El mío ha sido distinto, lo advierto, porque confío en que nadie tome represalias. Me encontraba inmerso en una sociedad, ésa a la que llamamos occidental y en ocasiones con altivez el primer mundo, en la que habían desaparecido los prejuicios sociológicos heredados de una historia tachonada de mensajes egoístas y exclusivistas, de predicadores encerrados en sus burbujas de privilegios, de patrioteros vocingleros de mente angosta. Los inmigrantes no morían a centenares intentando alcanzar las costas de sus ilusiones y cuando llegaban eran acogidos como seres humanos y no como peligrosos delincuentes. Los ciudadanos elegían a quién amar y no estaban condicionados por mandamientos religiosos. Las mujeres eran dueñas del destino de sus cuerpos y a sus en ocasiones difíciles decisiones no se añadía el estigma de la intolerancia. Los humanos se miraban directamente a los ojos y los matices del color de su piel no eran más que variaciones de los pigmentos cutáneos que no afectaban a su dignidad como personas. Soñaba que me encontraba en un mundo al que por fin había llegado la civilización y la cultura. La razón se había impuesto sobre las supersticiones.
No oculto que en determinados momentos del sueño me asaltaban dudas, porque tanta belleza tenía que ser imposible. Pero como en aquellos momentos de inconsciencia onírica mi ángel del optimismo vencía a su contrario, al de la amargura, me sobreponía a las dudas y continuaba soñando. Es verdad que me parecía muy extraño, porque hasta soñando es imposible perder por completo el sentido de la realidad.
Dicen que los sueños son restos del pensamiento alojados en desorden en el cerebro, por lo que no hubiera debido tener ninguna duda de que lo que me imaginaba mientras dormía era cómo me gustaría que las cosas fueran y no cómo son en realidad. También afirman que son válvulas de escape de las aspiraciones utópicas, de los anhelos insatisfechos. Puede ser, no lo voy a negar, que este sueño haya sido por tanto consecuencia de alguna frustración.

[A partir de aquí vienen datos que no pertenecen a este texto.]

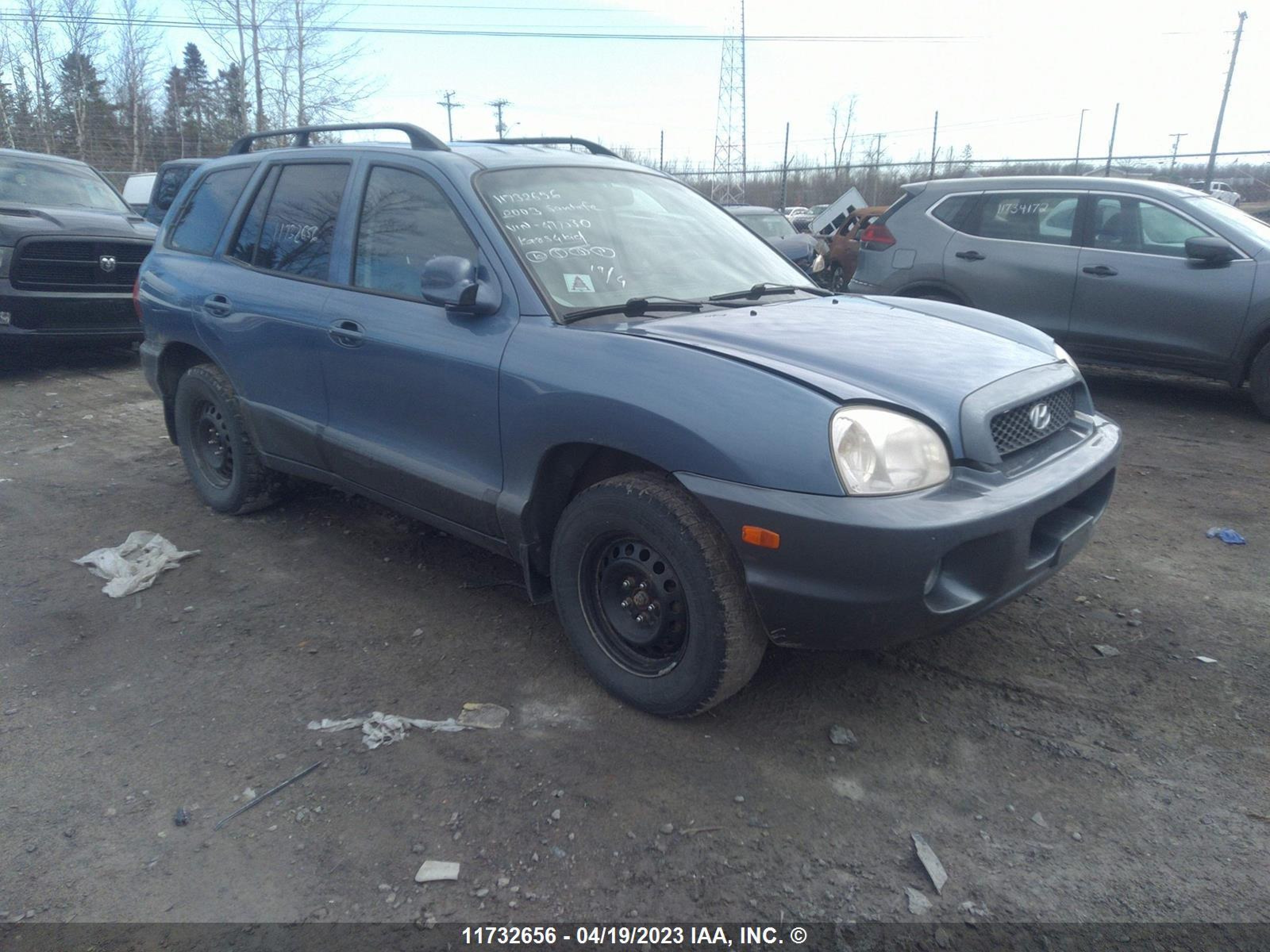 HYUNDAI SANTA FE 2003 km8sc73d33u477330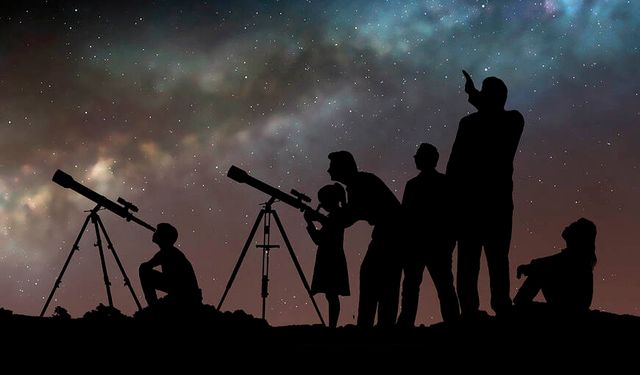 Topuklu Yaylası'nda "Ethem Hoca ile Gökyüzü Gözlem Etkinliği" yapıldı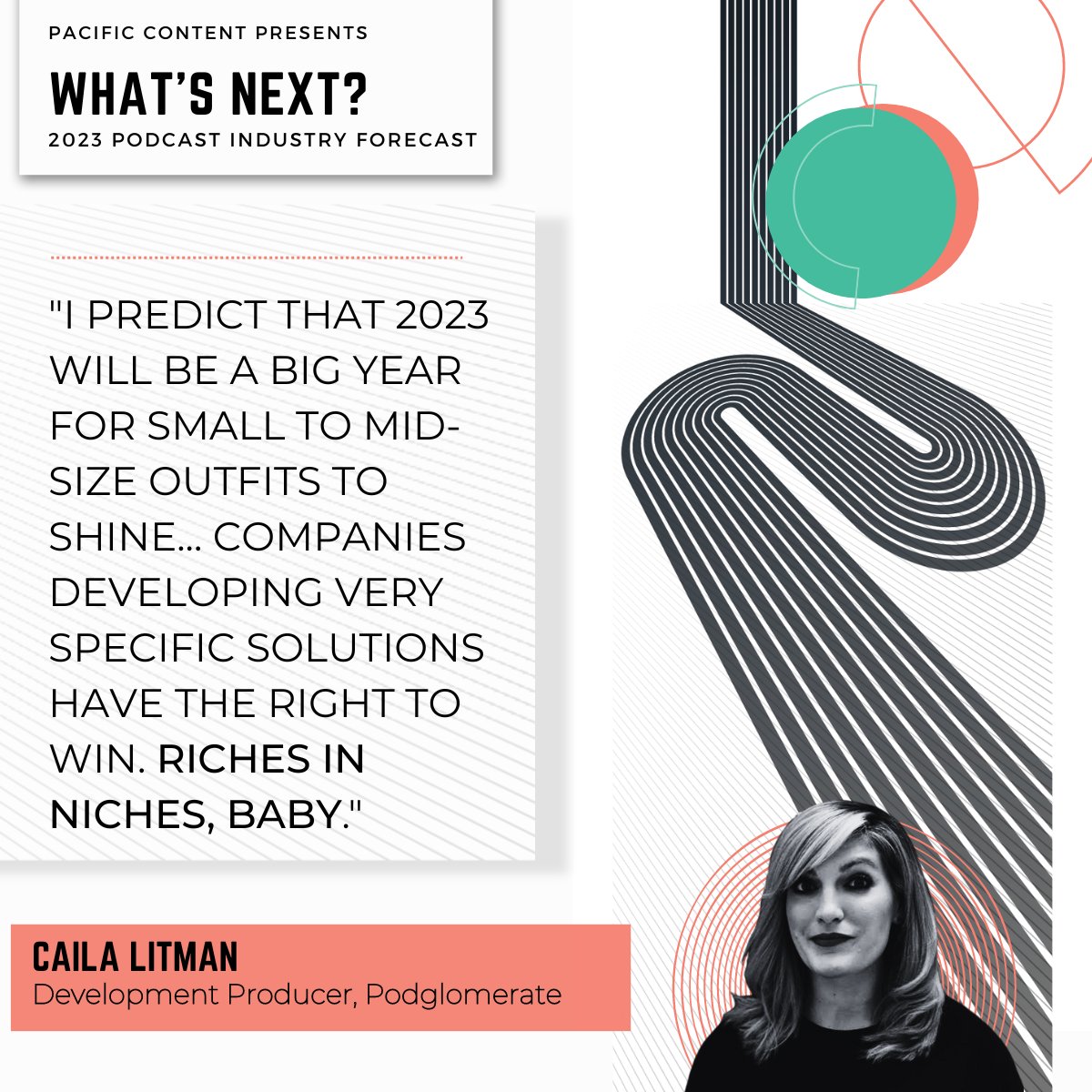 What's next in podcasting?

Just ask Podglomerate @misspagespod producer @CailaTess, who shared her podcast predictions alongside our friends @arithisandthat, @JordanHarbinger, @wmnmedia, @pod_ppl, and more.

ow.ly/lisV50MjrFm @pacificcontent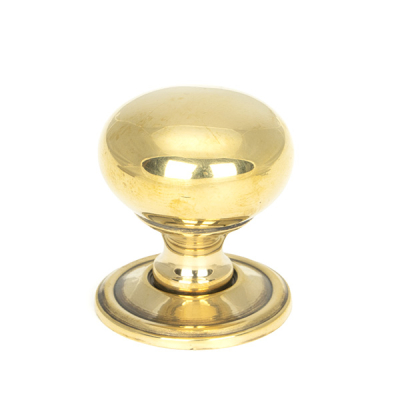 Aged Brass Mushroom Cabinet Knob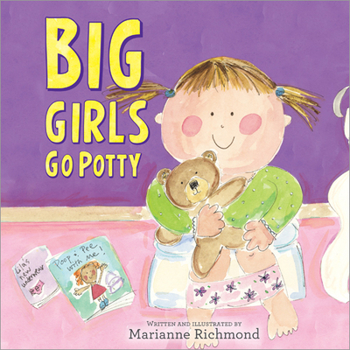 Hardcover Big Girls Go Potty Book
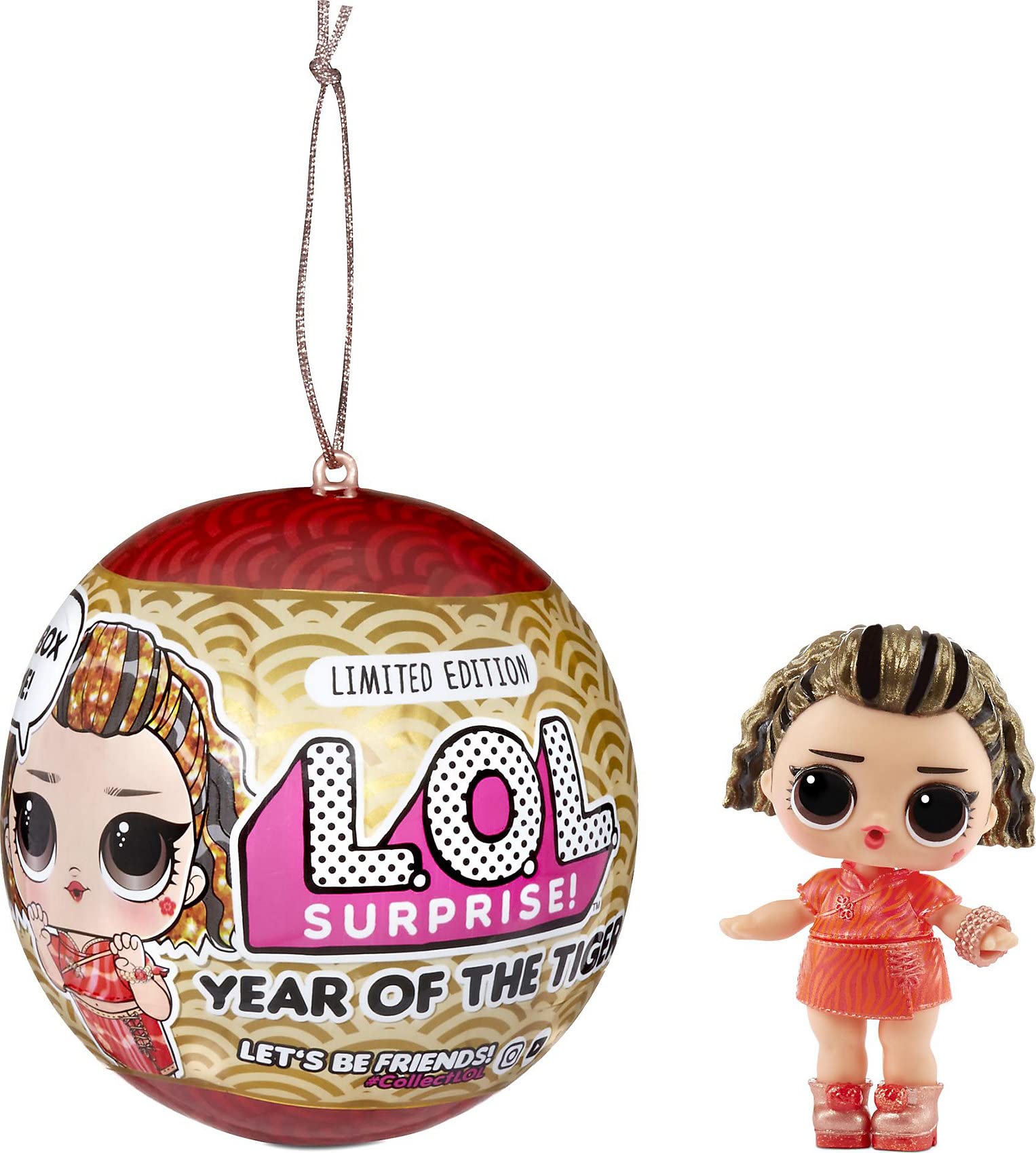 L.O.L. Surprise! Good Wishes Baby shoes complete a festive look.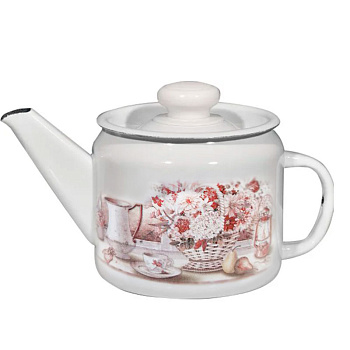 Чайник для плиты 1,0л С-2707П2/4Рч Летний этюд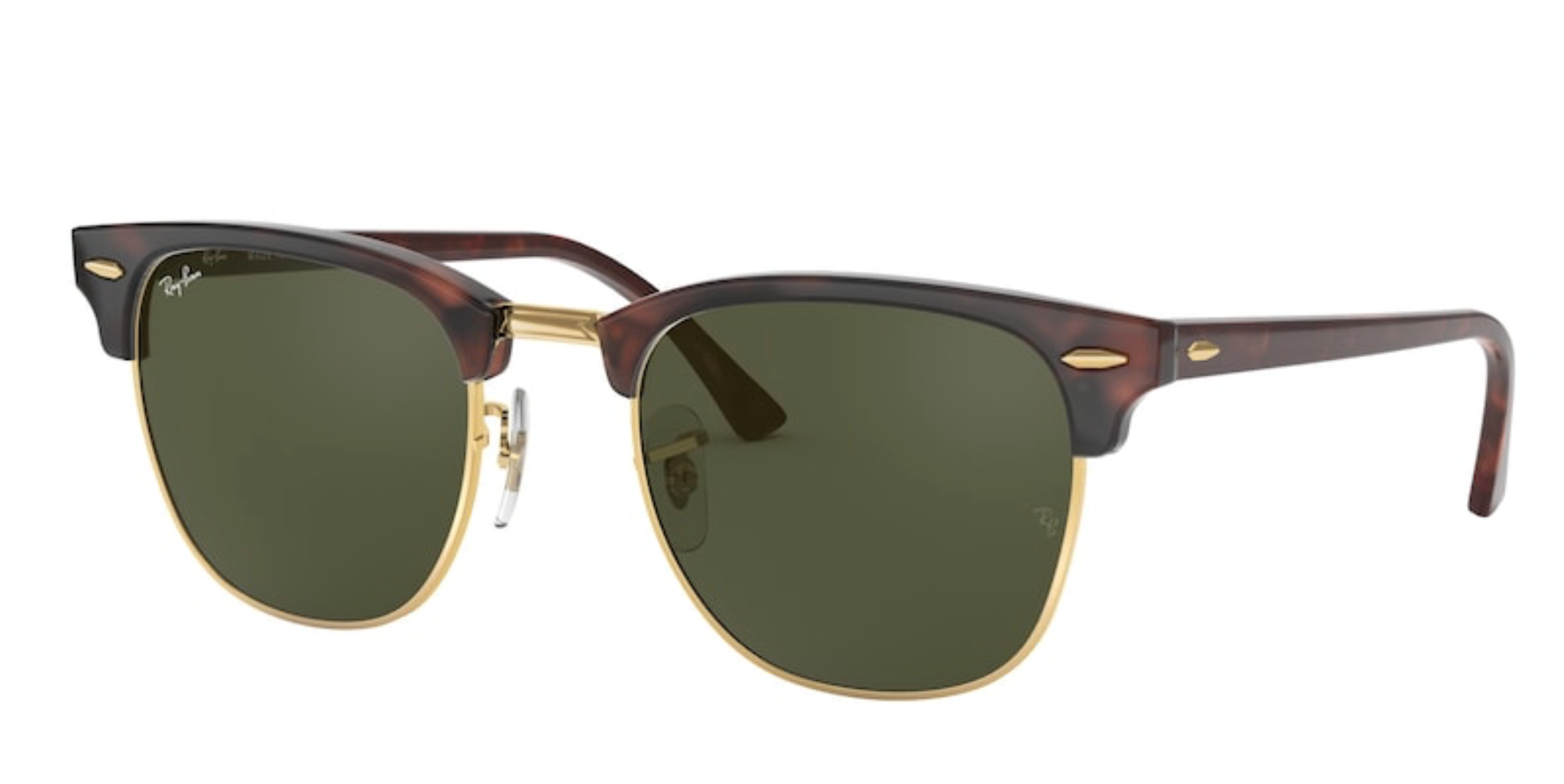 Clubmaster top frame glasses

Me desperté, intenté recuperar el sentido de la realidad, y
enseguida concluí que todo aquello no había sido más que un deseo. Ya por la
mañana, cuando oía en la radio las noticias mientras desayunaba, empezaron a
llegarme los mismos mensajes de intolerancia a los que estoy acostumbrado, los exabruptos de los Trump y las Meloni, los voceríos de los Orbán y los Bolsonaro, las amenazas de los Putin y los Netanyahu. Pero también los de
muchos de mis compatriotas, porque no hay que cruzar fronteras para tropezar constantemente con la intolerancia y la sinrazón.
La otra noche tuve un sueño, pero no fue más que un sueño.